June 16th, 2008

beartato phd

(no subject)

I remember seeing a couple of folks from IBM's Many Eyes give a talk here a while ago — neat stuff. LanguageLog linked to this visualization in particular, with a challenge to guess what "ne" might mean just by looking at this corpus. My guts suggest some kind of discourse particle since it seems to occur at the beginning and end of sentences so often, but I think I am being unconsciously biased by it being one in japanese.

It got me thinking about various things, those which I'm sure (especially corpus-based) NLP people have actually thought pretty hard about. I mean, just what can you figure out just form co-occurrence patterns of tokens? The fact that visualization is so helpful suggests that we have reached a point where the algorithms we know how to write (for visualization or for massive statistical analysis) and the algorithms in our brain we know to use (i.e. stare at something and see if any patterns reveal themselves) are no longer really in a relationship of the one just beating the other, but are complementarily useful.
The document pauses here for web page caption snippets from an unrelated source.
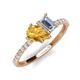 4 - Zahara 9x6 mm Pear Citrine and 7x5 mm Emerald Cut Forever One Moissanite 2 Stone Duo Ring 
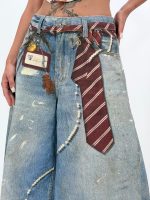 Jeans | Blug wide leg 3/4 imprimat - imagine 5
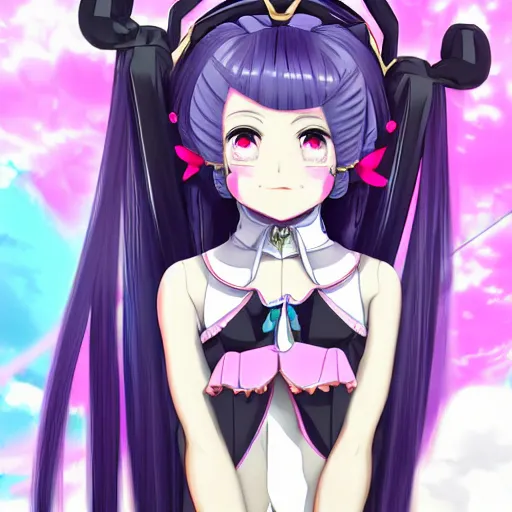 Prompt: trapped by stunningly beautiful omnipotent megalomaniacal otome anime asi goddess who looks like junko enoshima with symmetrical perfect face and porcelain skin, pink twintail hair and mesmerizing cyan eyes, taking control while smiling mischievously, inside her surreal vr castle, hyperdetailed, digital art from danganronpa, 8 k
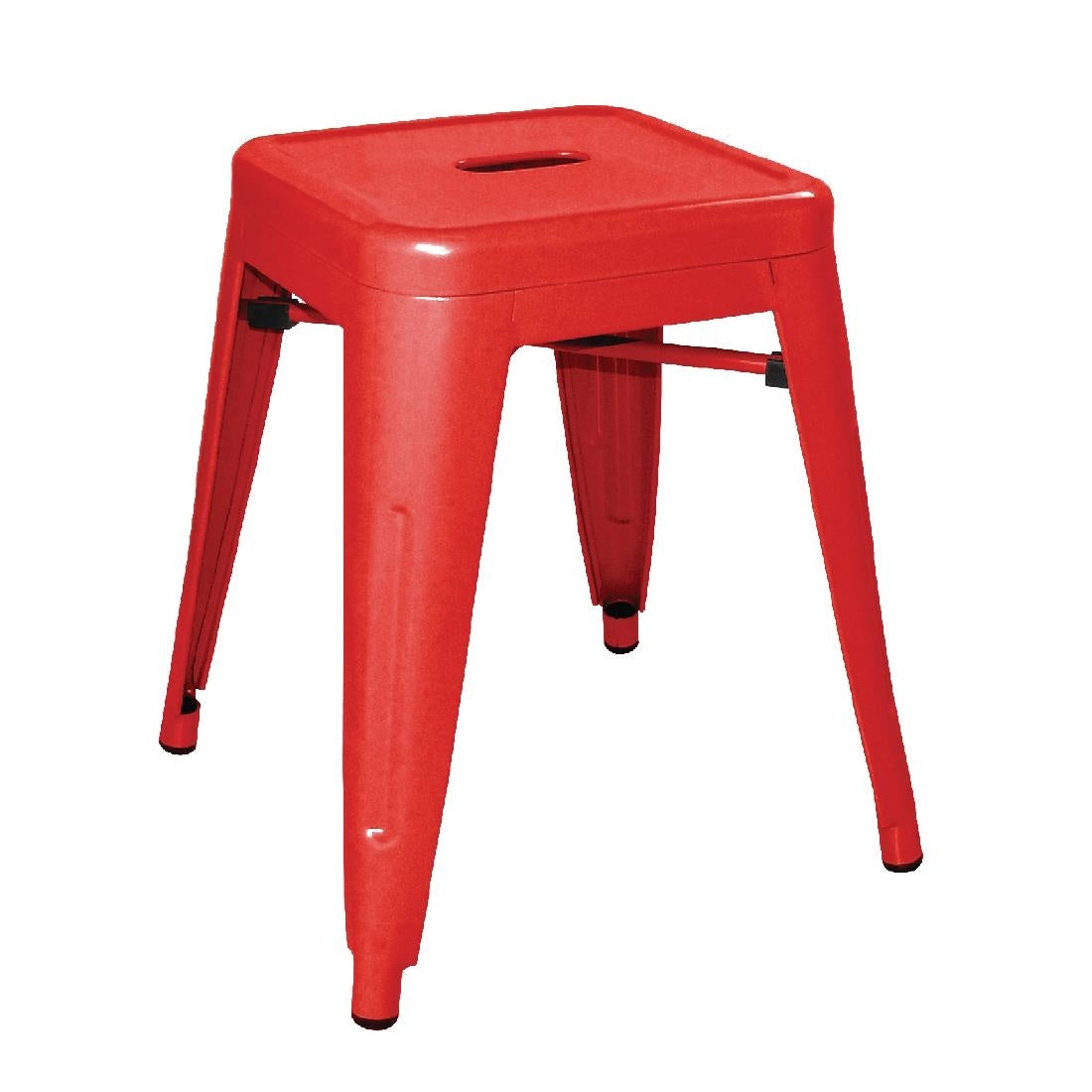 Bolero Low Metal Bar Stools Red (Pack of 4) - DL870 Mattys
A specific open question to those of you that do know a lot NLP/machine learning stuff: how hard/already pretty well solved is the following problem? You are given some random typical western european text from which all the spaces have been removed, and all letters have been permuted - that is, a random cipher has been applied, just to keep you from cheating and using dictionaries. Just from statistical properties of letter co-occurrence alone, figure out where spaces should go.